RE: E-FLITE BLADE CP PRO
hee hee
I can say the following without even seeing you fly:
You, my friend, are going to be a fine pilot. If you get a heading hold gyro you will be a fine pilot sooner. If you don't get a heading hold gyro, you will be a fine pilot, perhaps even finer in the looonngg run, but it _will_ take longer.
Myself, I don't think I'd have the patience to do orientation practice without a gyro. That's me, I get discouraged easily. But you have already passed beyond that point, and you have done it without a gyro.
So get a gyro.
You will be glad you did, and you will also be glad you learned without one.
I stopped making sense a long time ago, so don't worry....
This reminds me of the heat-related yaw issue with cx/cx2. I did everything to try to cure it, finally realized that it didn't matter to me any more because somehow I learned, in all the testing I did, to fly the rudder. Now, with the coax helis, I just ignore trim changes and fly the silly thing. I'm not quite at that point yet with the BCPP.
The gyro in the 3-in-1 is in some kind of standard rate mode i guess, the performance isn't that great so it's hard to say. The tail-motor system in the BCPP has a hard time keeping up with any decent gyro (the G90 is fine in my experience, the LHS recommends it over the rce500x). Most people who put external gyros in the BCPP probably stay in HH mode, I know I do.
The BCPP is designed to be useful for acro flight, so it is not supposed to be "stable". It should not be unstable either, and the stability can be improved by taking the slop out of the linkages. What we are striving for is technically called "neutral stability." A stable aircraft is like a marble sitting in a bowl, no matter what you do to it it will try to return to the center of the bowl. Obviously this is undesireable in an acrobatic aircraft. An unstable aircraft is like a marble sitting on top of a bowling ball. As long as it is in place it is OK, but the slightest deviation tends to increase and the marble goes sliding off into oblivion. This is called "divergence". Unstable aircraft need computer assistance to be flown by ordinary mortals. Examples of unstable aircraft include the f117 fighter and the b-2 bomber.

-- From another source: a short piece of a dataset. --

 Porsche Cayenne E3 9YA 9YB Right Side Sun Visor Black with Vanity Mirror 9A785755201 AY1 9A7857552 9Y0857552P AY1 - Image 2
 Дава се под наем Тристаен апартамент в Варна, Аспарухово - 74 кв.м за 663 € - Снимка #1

Neutrally stable is like a marble sitting on a sheet of glass. It stops, it goes, it slides, it keeps doing just what it was doing until you tell it to do something else. This is what we strive for in an acrobatic aircraft.

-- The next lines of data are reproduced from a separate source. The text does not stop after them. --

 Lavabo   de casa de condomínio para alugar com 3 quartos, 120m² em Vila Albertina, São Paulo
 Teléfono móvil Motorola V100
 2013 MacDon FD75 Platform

So if you have a bit of slop and poor control response, you can make the helicopter more responsive and less unpredictable by removing the slop and play in the linkages and servos. There is a _lot_ of info on these thrreads about how to do that.

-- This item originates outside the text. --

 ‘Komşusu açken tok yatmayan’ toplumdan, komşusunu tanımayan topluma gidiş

Sorry about the long post. You got me into flight-instructor mode for sure, how do you turn it off, my tail is wagging...
No wait....
( There are several way to actually make the BCPP more _stable_ like increasing the all-up weight, using flybar weights, adding fins, etc. These things do increase the stability. They also decrease the acro ability. Is this what you really want? I didn't think so.)